If you haven’t checked out my first post on my recent travels in Japan, check it out here. Otherwise, we’re moving on to the next part!
After an overnight stay in Atami, we left the hotel the next morning after breakfast, boarding the tour bus to our next destination: the Fuji-Hakone-Izu National Park. It is the most-visited park in Japan, and it is humongous, covering over 1200 square kilometers of land. We pretty much spent the majority of our day touring the different sites within the park, starting with a *lackluster* twenty-minute boat ride over; I say “lackluster,” because it was an overcast day- super cloudy and foggy such that, unfortunately, we couldn’t see Mt. Fuji from the distance. A huge bummer, because who doesn’t not see Mt. Fuji when in Japan? Definitely was a sad moment. 😦
Any case, we spent the morning at the Hakone Sekisho, one of the most important checkpoints used by shoguns during the Edo Era in the seventeenth century in order to protect the area from enemies. The broad-roofed structures displayed statue reenactments of what the people did “back in the day,” whether cooking, working, and otherwise trying to keep the place safe. There was also a pretty nice view of Lake Ashi on top of the hill, accessible by a semi-long flight of dusty steps. Not too shabby!
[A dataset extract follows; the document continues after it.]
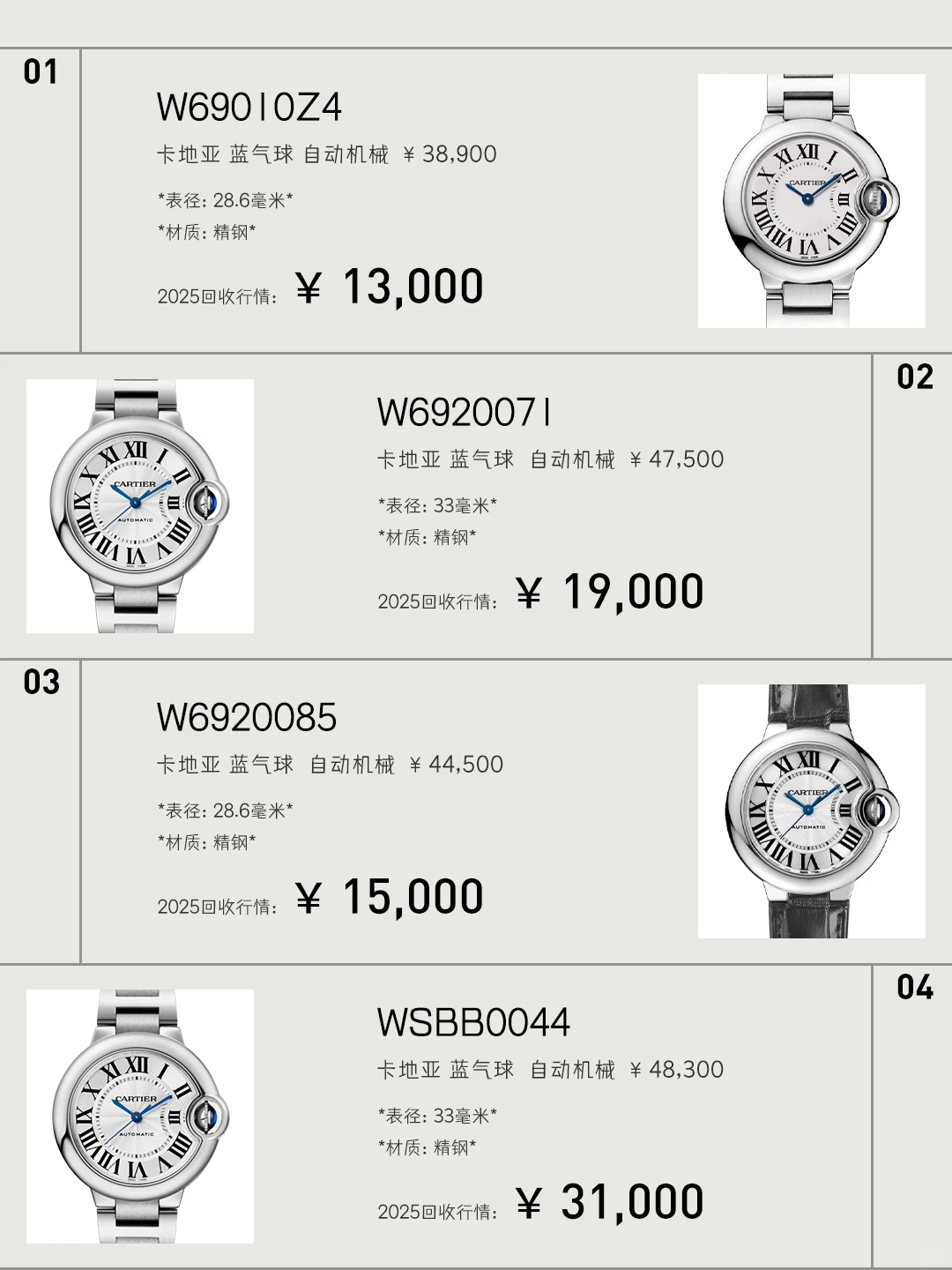 有人出卡地亚蓝气球吗❓行情参上👆高价收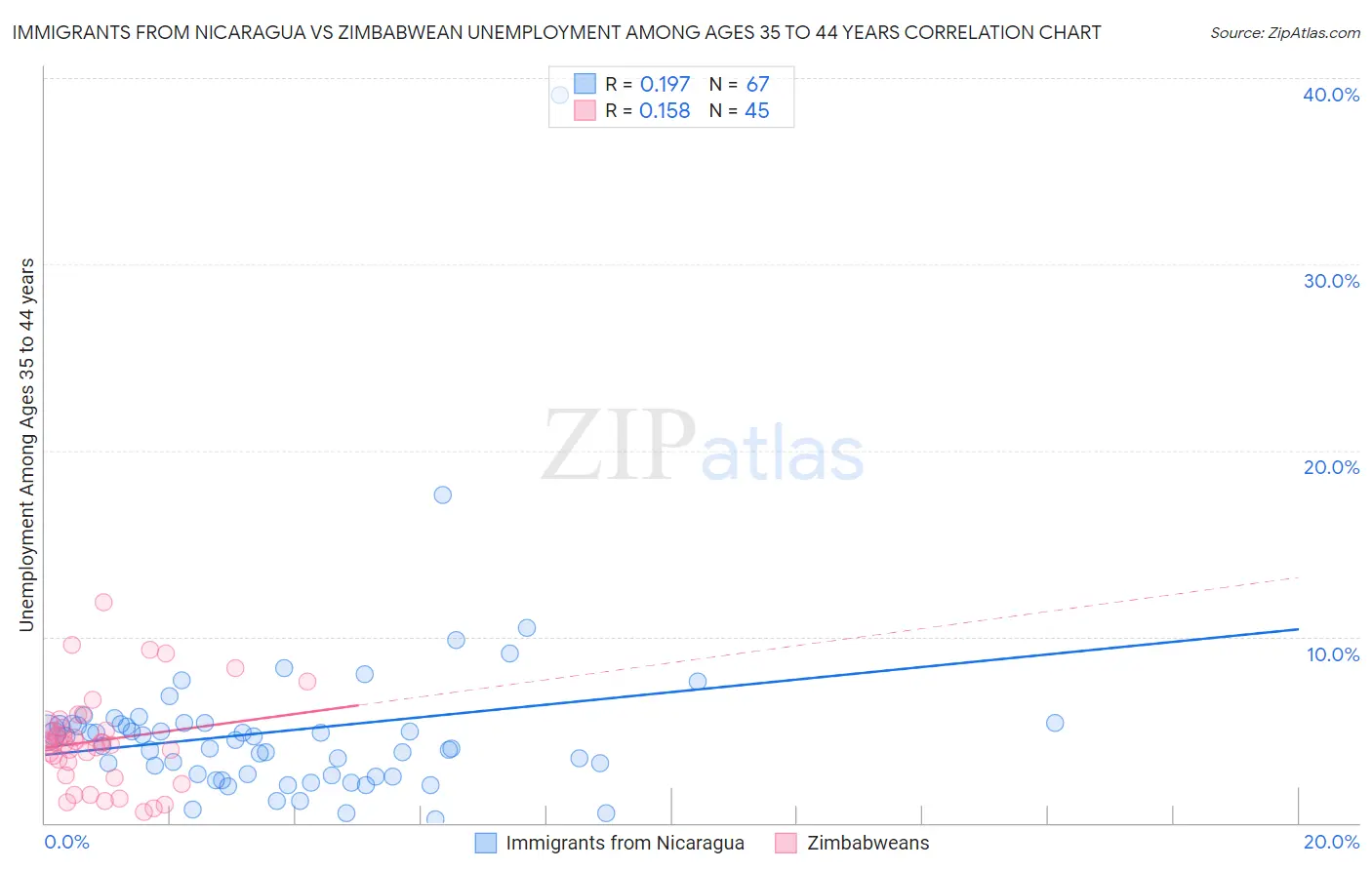 Immigrants from Nicaragua vs Zimbabwean Unemployment Among Ages 35 to 44 years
Before exiting the Hakone Sekisho, we visited a secret box-making shop in the touristy area, where we watched the box maker demonstrate the secret to opening wooden, secret boxes through a series of Rubrics cube-like twists and turns. It was fascinating; I would’ve loved to purchase one of the boxes in the store, but they were quite pricey and who knows if I could open them?! Alas, one can dream…
Had an average, European-Japanese fusion buffet lunch at a nearby hotel (not where we stayed) before heading out to another part of the massive park. We visited the Onshi Hakone Koen Park, an area once an imperial villa for the emperor to relax and enjoy himself. The villa was destroyed twice in two earthquakes, and so today’s “villa” (at least, from the building that I saw) is a new one. Nevertheless, it offered a nice view of the lake and mountains, although again, we were unable to make out Mt. Fuji in the distance (darn!). Still a lovely sight, though.
We then took a stroll around the park’s area, going down 200-plus steps of mossy (and slippery!) steps and arriving at a spot with views of the lake around us: boats on one side, lush green mountains on the other. There was also a long, pretty wooden bridge along the lake, which we crossed to return to the tour bus.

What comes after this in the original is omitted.